The 2006 animated feature, Open Season, has a lot more interesting aspects to it than it arguably deserves. Being the debut animated feature for Sony Pictures Animation, the story of a pampered pet bear being thrown into the wild with a fast-talking deer during hunting season did not impress critics or audiences, yet it still managed to make a profit at the box office and spawned its own franchise, with sequels, a video game and even a 2D animated series being released in 2024. Considering how unimpressive the film looks from practically every angle, it’s shocking it has as much traction as it does, and it raises the question of how it was able to achieve this despite the much stronger competition from other, more experienced animation studios coming out around the same time?

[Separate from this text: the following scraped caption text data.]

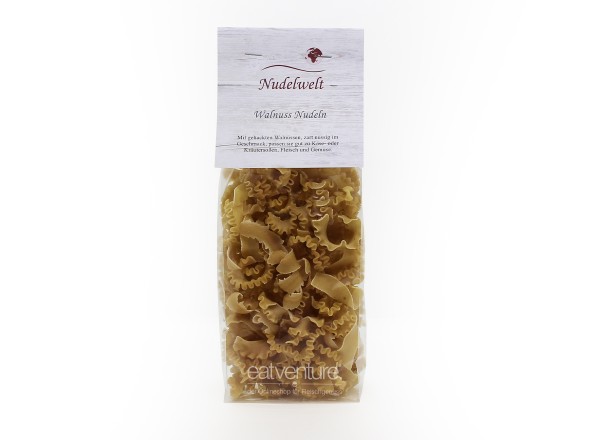 Nudelwelt - Walnuss Nudeln, 200g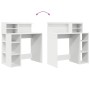 Escritorio Blanco 90x48x101.5 cm Madera Elaborada by , Desks - Ref: Foro24-869522, Price: 93,78 €, Discount: %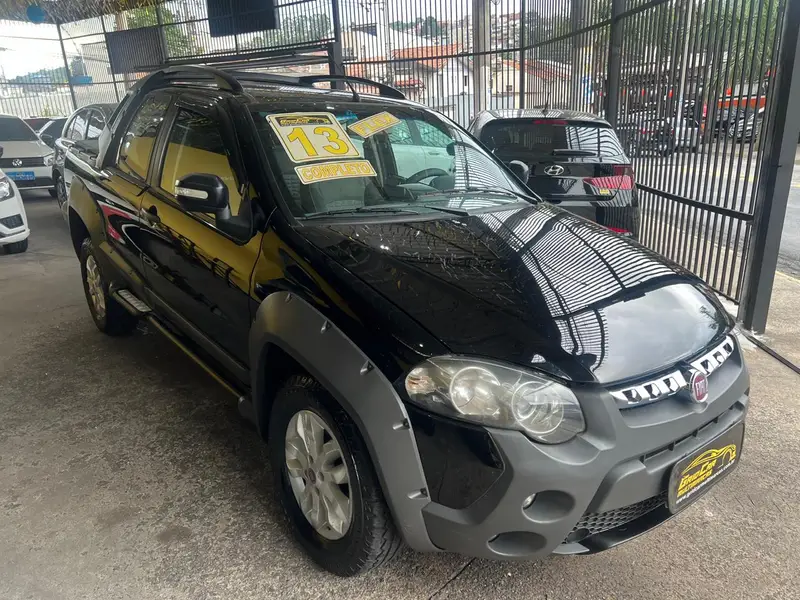 Fiat Strada Adventure 1.8 16V (Flex) (Cabine Dupla)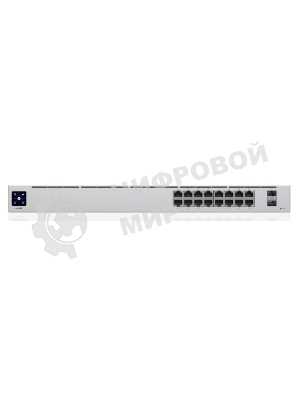 Коммутатор Ubiquiti UniFi USW-16-POE 2SFP 8PoE+ 42W управляемый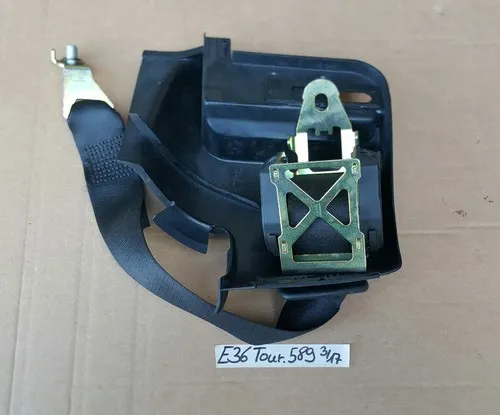BMW E36 Touring Gurt Sicherheitsgurt Obergurt HINTEN LINKS 8170589
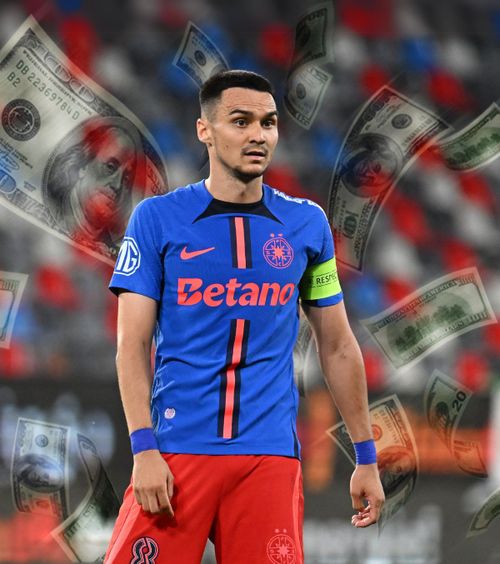 FCSB a refuzat două milioane de €   Adrian Șut  a fost ofertat din Arabia Saudită, însă pe Becali nu l-a mulțumit suma pe care o plătea Al Riyadh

In the small rural town of Timberline, a domesticated grizzly bear named Boog (voiced by Martin Lawrence) enjoys his safe, stress-free life with his caretaker, park ranger Beth (voiced by Debra Messing), but this changes once he meets a deer named Elliot (voiced by Ashton Kutcher) who Boog passingly saves from being tied to the truck of Shaw (voiced by Gary Sinise), the nastiest hunter in town. After saving his life, Elliot tries to hang out with Boog, but their wild interactions around town eventually leads to both of them being shipped back into the wild. Believing this to be a misunderstanding, Boog tries to return home but requires the help of Elliot to lead him back as he has no idea where to go, forcing the two to stick together as they traverse through the chaotic wilderness, deal with antagonistic animals who have no love for either of them, and escape before Open Season arrives and they become prime targets for hunters, especially Shaw who has been waiting to officially claim the two as his trophies.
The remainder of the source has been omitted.